Although bookkeepers don’t need accounting degrees or a CPA qualification, they should understand accounting terms and principles, be comfortable working with computers and accounting software, be detail-oriented and be able to meet strict deadlines.
Nonprofits are different
An otherwise qualified bookkeeper with only for-profit experience can be a good candidate for your organization. But if you hire such a person, make sure he or she understands that there are differences between for- and nonprofit accounting. Any hire will need to get up to speed quickly on recording such items as pledges, donated goods and services, and restricted donations.
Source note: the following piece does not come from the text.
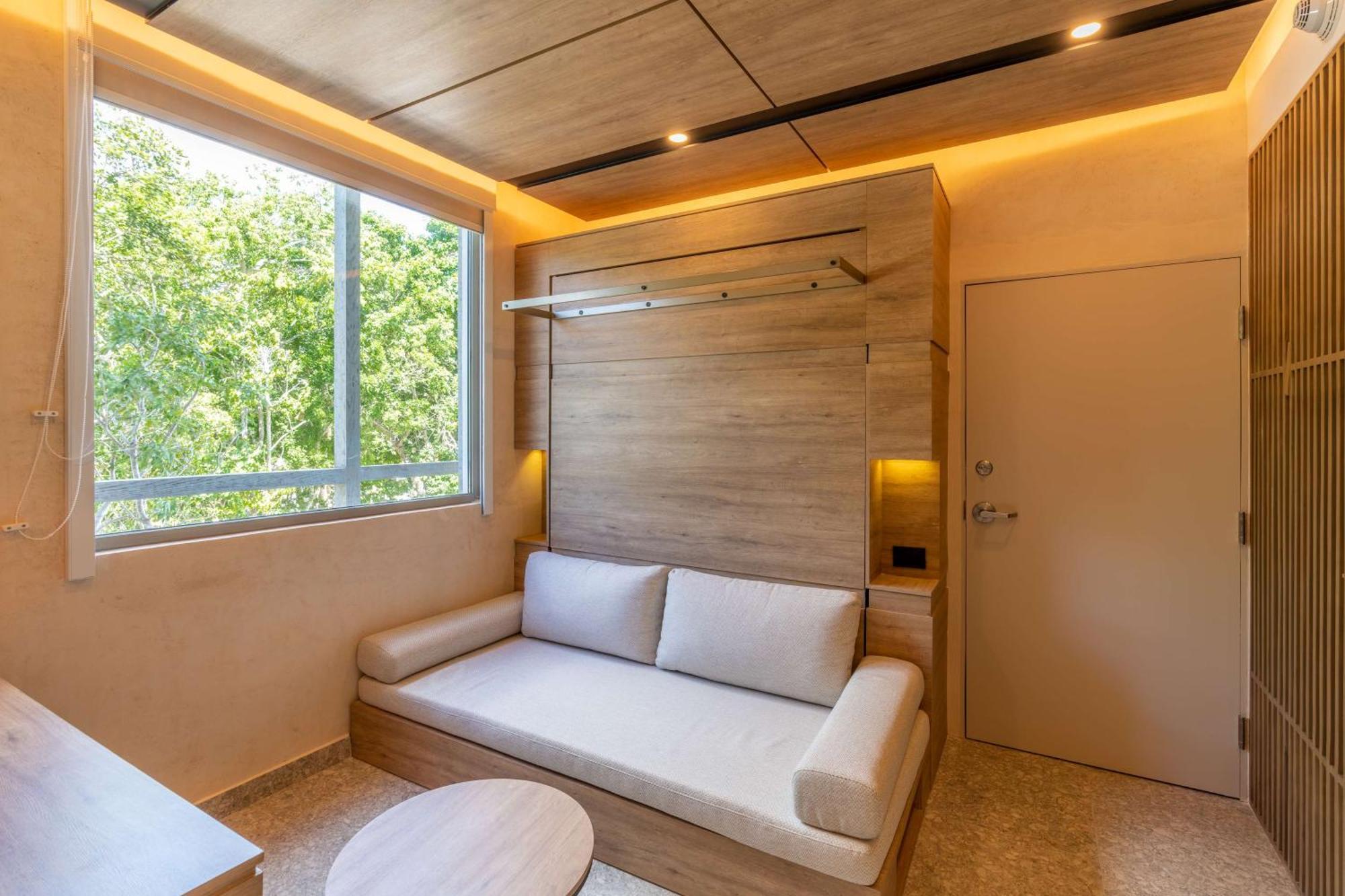 Flex Room with One Queen Wall Bed and Roof Top Access,1506595810:JPEG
Prospective bookkeepers should also be carefully screened for ethical violations and criminal activity. Many nonprofits are defrauded by bookkeepers who have been given free access to financial records with little staff oversight. Your bookkeeper may be handling cash, depositing checks, entering donors’ credit card numbers and viewing other sensitive information. So you need to conduct thorough background and credit checks — including following up on references — and always provide proper supervision by a trusted manager. Your financial advisor can show you some simple oversight controls.
Right person for the job
You wouldn’t let just anyone manage your personal finances, so don’t let just any volunteer or unqualified staff member keep your nonprofit’s books. The wrong bookkeeper can put your organization in great peril — even lead to its downfall. If you aren’t sure where to begin your search, talk to your financial advisor for ideas.